Globe Telecom has issued a statement saying it did not enter into any prohibited act as defined under the Philippine Competition Commission’s rules and guidelines regarding its acquisition of the 50% of San Miguel Corp.’s telecommunications business.
The statement was issued in response to PCC’s earlier announcement that Globe and PLDT may have violated the Philippine Competition Act.
“The mere filing of a notification with the PCC does not guarantee a “deemed approved” status for the subject transaction, even under the transitory rules. Parties to a proposed merger and acquisition cannot make the determination of whether a transaction is deemed approved; this is for the PCC to determine,” stated the PCC.
PCC specified that it has been erroneously claimed that transactions entered into and reported to the PCC prior to the publication of the Implementing Rules and Regulations (IRR) of the Philippine Competition Act (PCA) fall outside of PCC’s authority to review because these are “deemed approved” under the applicable Memorandum Circulars.

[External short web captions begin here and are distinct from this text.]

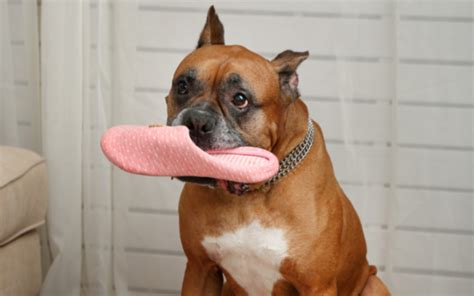 Busting Bad Dog Behavior Destructive Chewing Pet Facts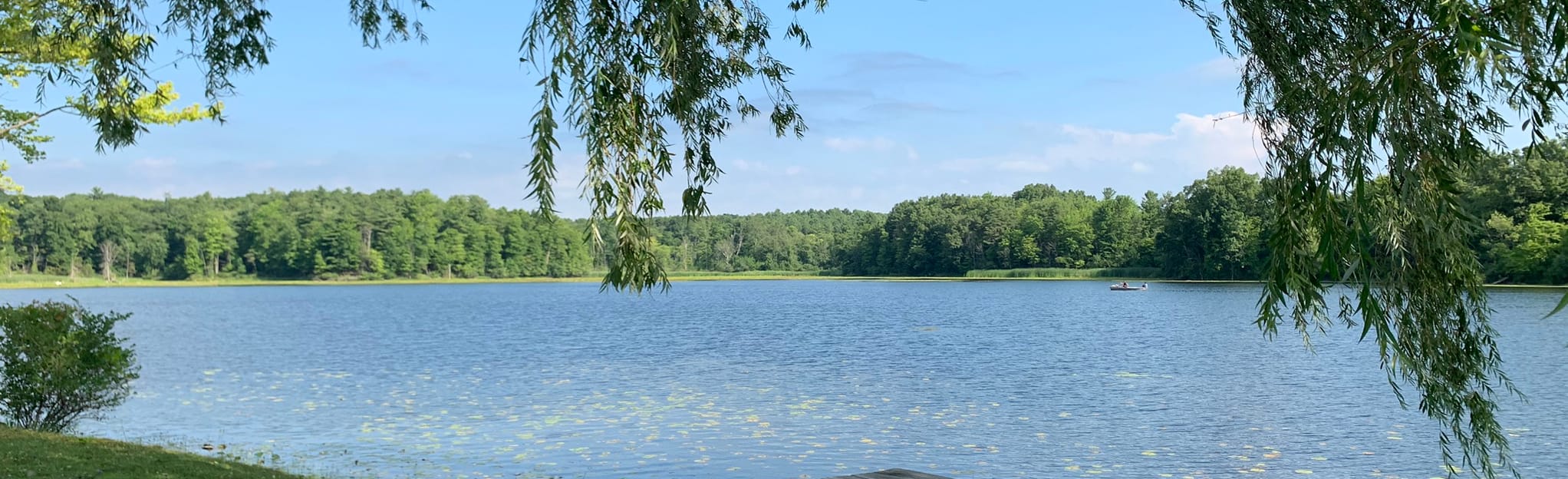 Buhl Lake Loop, Michigan 255 Reviews, Map AllTrails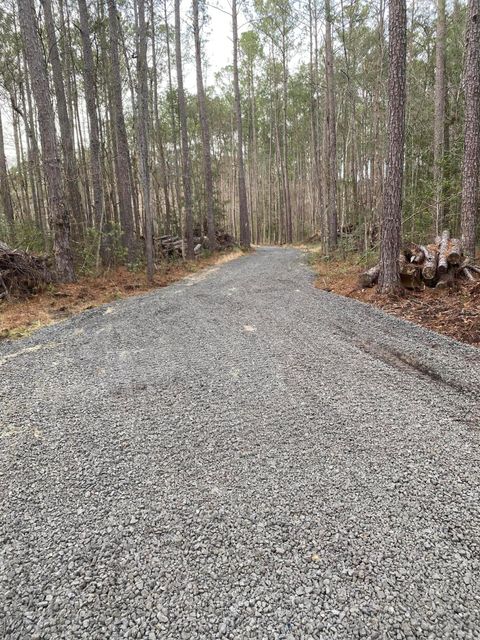  in Adams Run SC 6774 Spring Grove Road 4.jpg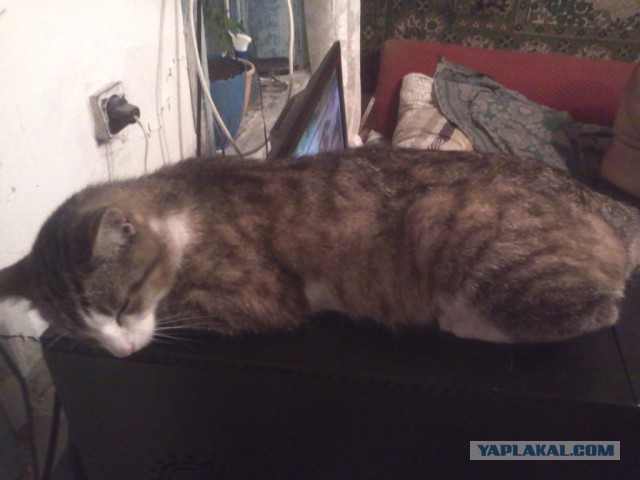 Котовторник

“This is not accurate. The PCC reviews all submissions for sufficiency and completeness of information, and decides, after due consideration, if the subject transaction will be deemed approved. If a submission is determined to be insufficient or defective in form and/or substance, for example, the PCC may reject such a submission. Omission of key terms of the transaction and submission of false material information may also be grounds for rejection. Certain submissions may likewise raise serious concerns regarding potential violations of the PCA.
“The PCC conducts full and expeditious review of a notification of transaction only after receipt of complete information. Under the law, the purpose of such a review is to prevent anticompetitive mergers and acquisitions. In its review, the PCC exercises all powers granted by the law.”
Only a notice required
Responding to PCC’s statement, Globe says it filed the notice of its purchase of 50% of SMC telco businesses in accordance with the Commission’s own rules, particularly PCC Memorandum Circular 16-002 which requires only a notice of the transaction and such transaction shall be ‘deemed approved’ and may no longer be challenged under Section 23.
“It is unfortunate that the PCC is reacting to news stories that are written not necessarily in the context of the parties’ submission. We have in fact given the PCC additional documents for their own reference and information,” said Globe General Counsel Atty. Froilan Castelo. “The submission of the notice under MC 16-002 underscores the authority of the PCC covering the amount of the transaction.”
Globe reiterates that the parties and their respective advisers reviewed the transaction to ensure compliance with all relevant laws, including the provisions of the Philippine Competition Act.
“The company did not enter into any prohibited act as defined under the PCC rules and guidelines. In addition, recognizing the importance of open market competition, the transaction did not result in any market share gain or loss for any of the three parties involved because the companies purchased were non-operating.
“Having access to the 700 MHz now instead of allowing the resource to remain idle, and using it in various areas in the metropolis, we are seeing the benefits immediately in terms of faster mobile internet speeds and better quality of service to our customers. As we roll out more sites using the 700 MHz we can accelerate the benefits brought about by additional capacity in serving our mobile data customers.”